Start of DATA BLOCK
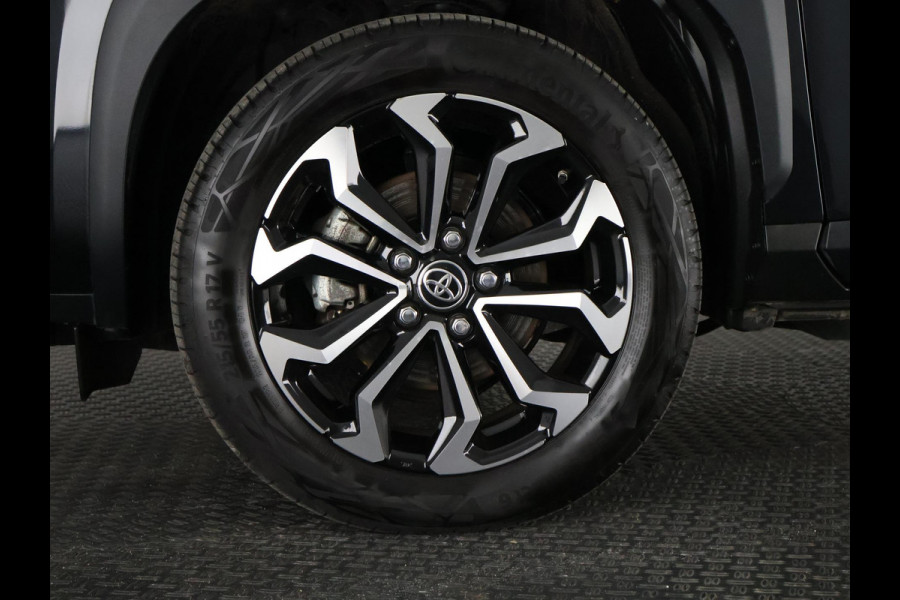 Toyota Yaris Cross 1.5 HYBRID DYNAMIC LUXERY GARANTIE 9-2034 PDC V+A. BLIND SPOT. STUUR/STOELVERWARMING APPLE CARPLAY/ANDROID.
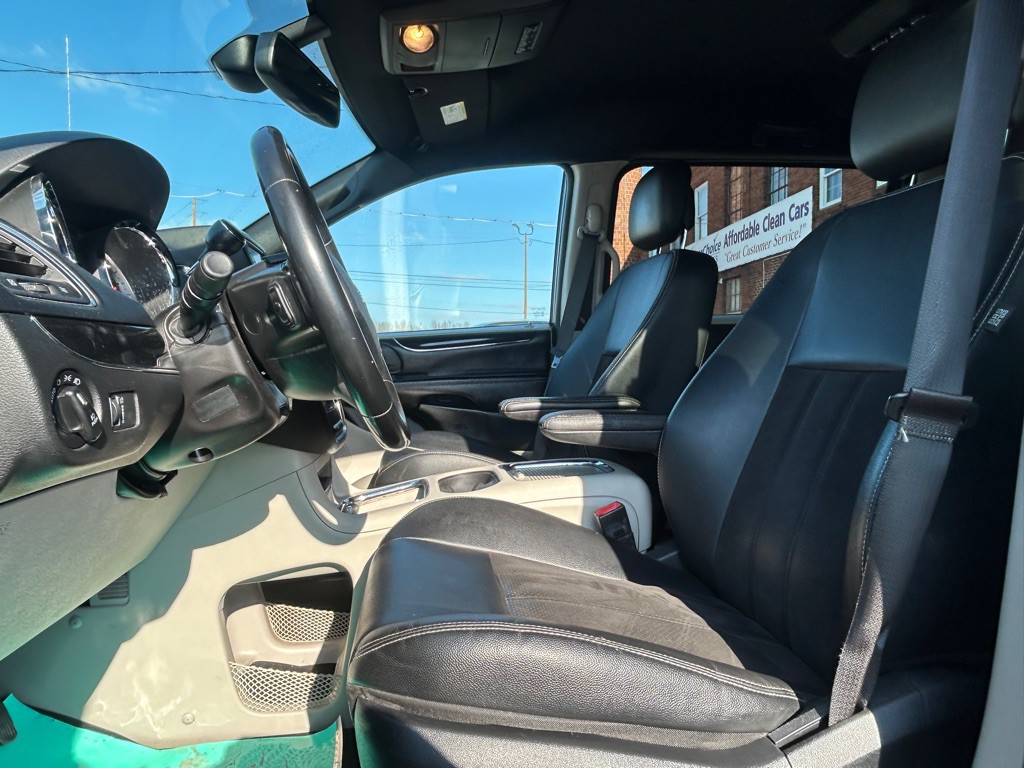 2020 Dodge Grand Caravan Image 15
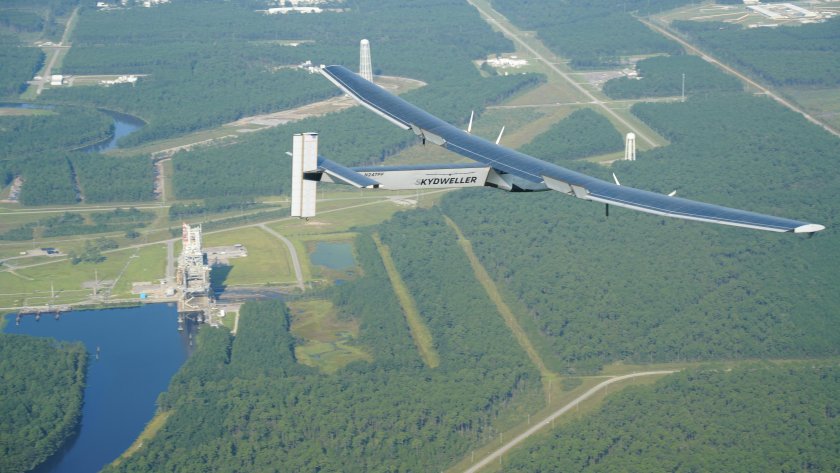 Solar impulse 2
End of DATA BLOCK
Copy all the material word for word, minus its pictures.

 Toyota Yaris Cross 1.5 HYBRID DYNAMIC LUXERY GARANTIE 9-2034 PDC V+A. BLIND SPOT. STUUR/STOELVERWARMING APPLE CARPLAY/ANDROID.
 2020 Dodge Grand Caravan Image 15
 Solar impulse 2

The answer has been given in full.